» Task directions: Would you copy each line of the records that includes the word "Clothing"?

» Supplied entries:
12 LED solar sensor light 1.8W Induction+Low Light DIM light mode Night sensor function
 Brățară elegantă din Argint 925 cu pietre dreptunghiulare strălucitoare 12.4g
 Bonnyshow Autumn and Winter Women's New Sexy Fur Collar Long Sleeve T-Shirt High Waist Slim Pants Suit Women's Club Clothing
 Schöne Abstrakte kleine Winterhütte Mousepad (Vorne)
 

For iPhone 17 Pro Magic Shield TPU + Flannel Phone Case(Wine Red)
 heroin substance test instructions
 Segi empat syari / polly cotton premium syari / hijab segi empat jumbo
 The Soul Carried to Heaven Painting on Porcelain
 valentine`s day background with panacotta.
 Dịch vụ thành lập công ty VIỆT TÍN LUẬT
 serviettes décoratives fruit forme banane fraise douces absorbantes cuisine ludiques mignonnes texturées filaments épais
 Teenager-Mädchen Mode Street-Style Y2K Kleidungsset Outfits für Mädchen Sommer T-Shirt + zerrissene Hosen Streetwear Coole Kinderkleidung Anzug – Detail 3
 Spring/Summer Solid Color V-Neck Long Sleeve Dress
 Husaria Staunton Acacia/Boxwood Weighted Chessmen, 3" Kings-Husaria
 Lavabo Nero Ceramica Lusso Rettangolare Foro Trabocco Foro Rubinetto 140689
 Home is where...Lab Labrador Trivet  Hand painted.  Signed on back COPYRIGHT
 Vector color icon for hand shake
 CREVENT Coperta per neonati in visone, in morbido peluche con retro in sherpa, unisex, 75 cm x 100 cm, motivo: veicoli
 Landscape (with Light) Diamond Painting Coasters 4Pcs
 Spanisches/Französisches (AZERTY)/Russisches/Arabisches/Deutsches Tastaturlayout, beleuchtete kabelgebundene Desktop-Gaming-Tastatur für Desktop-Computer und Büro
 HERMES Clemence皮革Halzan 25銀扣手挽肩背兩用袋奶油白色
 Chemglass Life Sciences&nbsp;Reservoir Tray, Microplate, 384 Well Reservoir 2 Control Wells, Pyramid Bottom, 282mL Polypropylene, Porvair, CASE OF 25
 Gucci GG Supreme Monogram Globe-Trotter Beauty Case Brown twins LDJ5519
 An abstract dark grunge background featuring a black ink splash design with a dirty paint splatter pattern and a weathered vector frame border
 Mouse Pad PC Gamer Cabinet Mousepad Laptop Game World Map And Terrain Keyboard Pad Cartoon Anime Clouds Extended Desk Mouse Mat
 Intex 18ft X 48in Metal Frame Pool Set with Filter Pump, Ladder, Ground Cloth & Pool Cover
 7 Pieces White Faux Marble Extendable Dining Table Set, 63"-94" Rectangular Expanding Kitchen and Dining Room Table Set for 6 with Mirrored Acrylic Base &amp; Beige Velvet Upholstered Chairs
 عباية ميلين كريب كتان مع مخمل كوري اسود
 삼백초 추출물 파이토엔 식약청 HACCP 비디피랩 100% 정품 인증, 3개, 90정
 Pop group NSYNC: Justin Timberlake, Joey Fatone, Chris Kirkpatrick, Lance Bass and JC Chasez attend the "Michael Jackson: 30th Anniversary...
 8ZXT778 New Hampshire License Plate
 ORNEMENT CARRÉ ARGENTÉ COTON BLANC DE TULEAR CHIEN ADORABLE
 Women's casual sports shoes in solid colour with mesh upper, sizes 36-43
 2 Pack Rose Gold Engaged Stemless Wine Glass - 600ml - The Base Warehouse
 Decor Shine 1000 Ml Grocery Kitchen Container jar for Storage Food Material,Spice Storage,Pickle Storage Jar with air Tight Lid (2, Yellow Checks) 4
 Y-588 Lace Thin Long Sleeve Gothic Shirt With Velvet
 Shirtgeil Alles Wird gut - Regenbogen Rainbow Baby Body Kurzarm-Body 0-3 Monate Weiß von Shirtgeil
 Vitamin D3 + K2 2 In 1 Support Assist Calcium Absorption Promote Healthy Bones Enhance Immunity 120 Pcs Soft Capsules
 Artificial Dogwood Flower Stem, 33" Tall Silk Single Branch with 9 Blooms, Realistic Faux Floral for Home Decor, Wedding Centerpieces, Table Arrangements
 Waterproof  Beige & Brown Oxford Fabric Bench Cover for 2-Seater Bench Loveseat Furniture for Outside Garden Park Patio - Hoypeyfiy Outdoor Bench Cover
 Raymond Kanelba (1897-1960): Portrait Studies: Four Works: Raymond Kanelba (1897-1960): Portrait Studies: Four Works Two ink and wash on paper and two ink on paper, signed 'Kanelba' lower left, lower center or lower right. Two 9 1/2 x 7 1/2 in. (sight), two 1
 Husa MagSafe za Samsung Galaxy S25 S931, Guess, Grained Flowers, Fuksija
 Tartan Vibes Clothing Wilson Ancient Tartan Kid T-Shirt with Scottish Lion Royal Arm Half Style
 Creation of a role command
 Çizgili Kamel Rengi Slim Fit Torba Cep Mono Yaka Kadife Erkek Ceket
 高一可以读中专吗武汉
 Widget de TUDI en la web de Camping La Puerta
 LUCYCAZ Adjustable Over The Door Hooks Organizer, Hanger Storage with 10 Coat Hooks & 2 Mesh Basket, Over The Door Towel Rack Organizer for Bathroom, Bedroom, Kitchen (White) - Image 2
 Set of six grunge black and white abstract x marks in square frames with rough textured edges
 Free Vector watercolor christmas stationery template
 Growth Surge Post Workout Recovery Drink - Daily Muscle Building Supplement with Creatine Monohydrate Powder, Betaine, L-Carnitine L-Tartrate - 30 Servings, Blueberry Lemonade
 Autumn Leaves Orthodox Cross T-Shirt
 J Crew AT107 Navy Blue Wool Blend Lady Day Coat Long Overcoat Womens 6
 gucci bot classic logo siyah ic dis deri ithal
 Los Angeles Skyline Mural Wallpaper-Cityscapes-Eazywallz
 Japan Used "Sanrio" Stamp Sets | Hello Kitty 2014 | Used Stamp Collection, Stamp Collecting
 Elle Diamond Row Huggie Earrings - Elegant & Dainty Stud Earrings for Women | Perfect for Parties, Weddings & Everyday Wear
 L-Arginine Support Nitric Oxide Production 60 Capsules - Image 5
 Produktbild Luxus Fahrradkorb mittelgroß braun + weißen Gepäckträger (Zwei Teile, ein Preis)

» Task solution:
 Bonnyshow Autumn and Winter Women's New Sexy Fur Collar Long Sleeve T-Shirt High Waist Slim Pants Suit Women's Club Clothing
 Tartan Vibes Clothing Wilson Ancient Tartan Kid T-Shirt with Scottish Lion Royal Arm Half Style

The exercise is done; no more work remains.